Thursday, November 5, 2009

The Crawl Part 1 - The Desertion

The early fur traders were men who accepted death as a normal hazard of their chosen profession. Those who could not live with the idea usually deserted or were on the first boat back to St. Louis.  When Hugh Glass was mauled by the grizzly bear it is safe to assume that his comrades resigned themselves to his fate and turned their thoughts toward their own safety and the journey west to the Yellowstone River.

John Myers states that Hugh had as many as fifteen serious wounds and "First aid on the Plains consisted of bracing a man with brandy and tying him up with strips of a probably not laundered shirt." One of the other trappers might have tried to stitch some of Hugh's worst wounds with thread made from deer sinew but beyond these primitive procedures nothing much could be done to save Hugh Glass.  Still, Old Hugh refused to die.

After a day or two of waiting for Hugh to take his last breath, Major Henry, the expedition leader, decided to move his men out of the area. Because Hugh was still clinging to life, the trappers made an attempt to carry him to safety by fashioning a litter from the boughs of trees. How long they carried him is not known, it might have been as few as two days or as long as six days. Finally, Major Henry's concern over the pallbearer-like pace of his expedition in such hostile territory forced him to make a decision.
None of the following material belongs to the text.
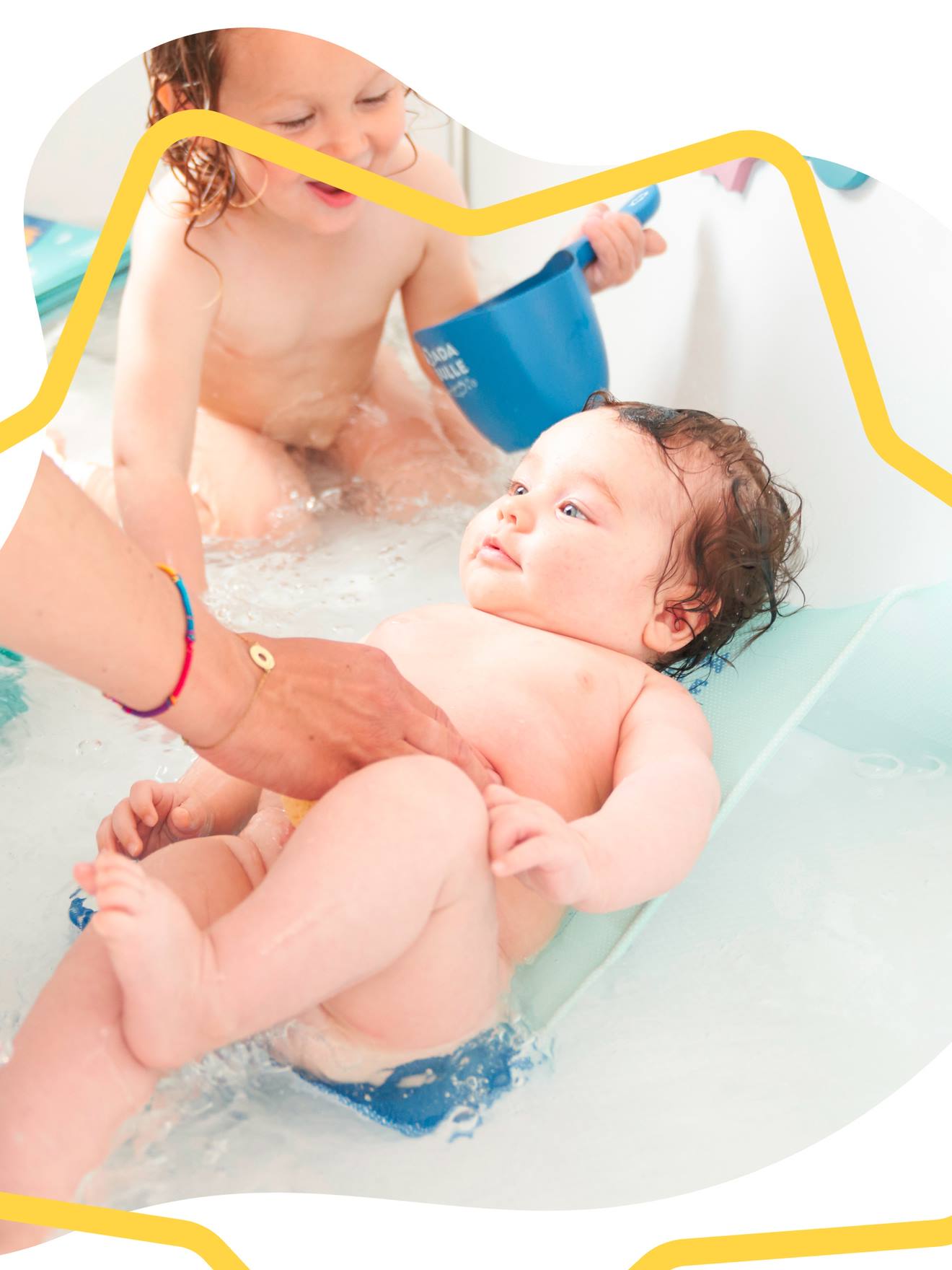 Ergonomisch en speels badzitje BADABULLE blauw wit afbeelding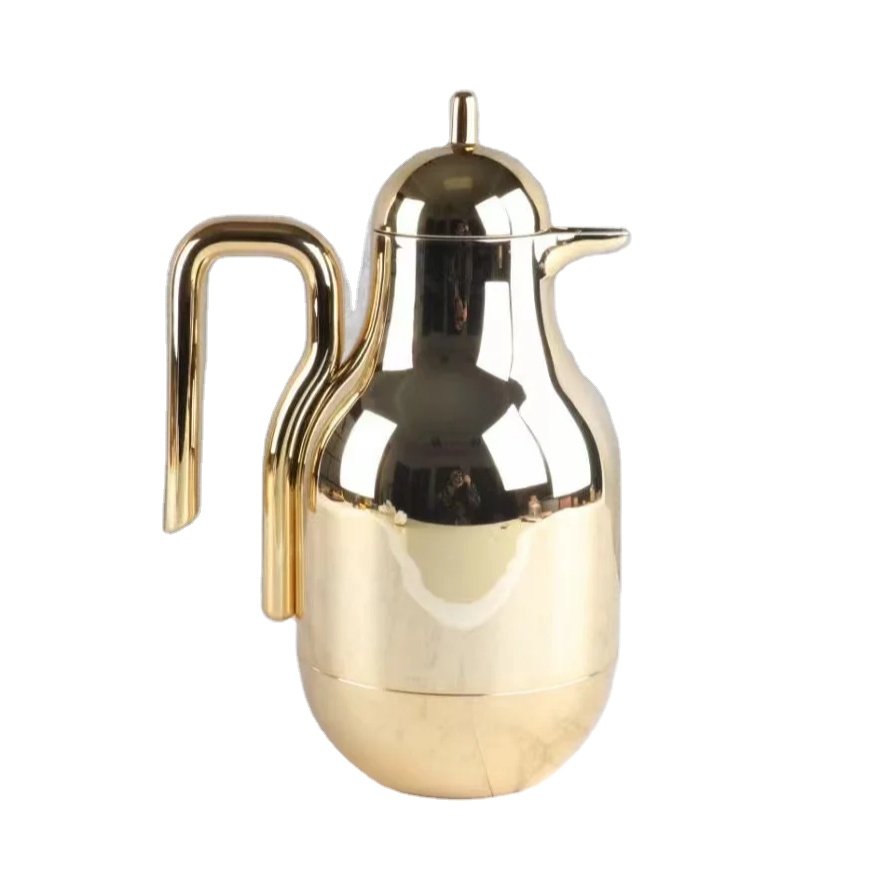1000ML Portable Arabic Style Glass Inner Plastic Thermos Cafe Jugs Water Jug Vacuum Coffee Pot flasks for Ramadan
A clearing was reached near a large spring and it was deemed a logical spot for Hugh to find his final resting place.  Major Henry could not, however, bring himself to abandon Hugh altogether while the old trapper was still breathing.  He called for two volunteers to stay behind to provide Hugh a proper burial.

The two "volunteers" according to both Frederick Manfred and John Myers were the youth Jim Bridger and a man named John Fitzgerald.  Frederick Manfred has the two staying out of loyalty to Hugh for not reporting them for falling asleep on guard duty.  John Myers points out that Bridger and Fitzgerald were probably paid a decent bonus to stay behind.

As the expedition hurried on west, John Fitzgerald and Jim Bridger waited with increasing anxiety for Hugh Glass to die. They may have waited for as many as six days before the older man, Fitzgerald, cracked under the pressure of falling so far behind his comrades in such dangerous territory. John Myers writes in The Saga of Hugh Glass that Hugh himself heard Fitzgerald arguing with young Bridger until the lad gave in and agreed to Fitzgerald's plan.

In order to make their story plausible, Fitzgerald and Bridger took Hugh's gun and all his "necessarys." Their reasoning was that a man who could not lift himself up from a makeshift litter would have no use for a weapon and no Mountain Man would leave such valuable equipment behind to the elements or to fall into the hands of hostile Natives. Also, having possession Of Hugh's property would be proof to the other trappers that Hugh had, indeed, died.

The only favor the two did for Hugh Glass was to move him down by the stream before they left. When Hugh finally regained full consciousness some time later he saw three things; the stream, his grave, and a rattlesnake curled up nearby.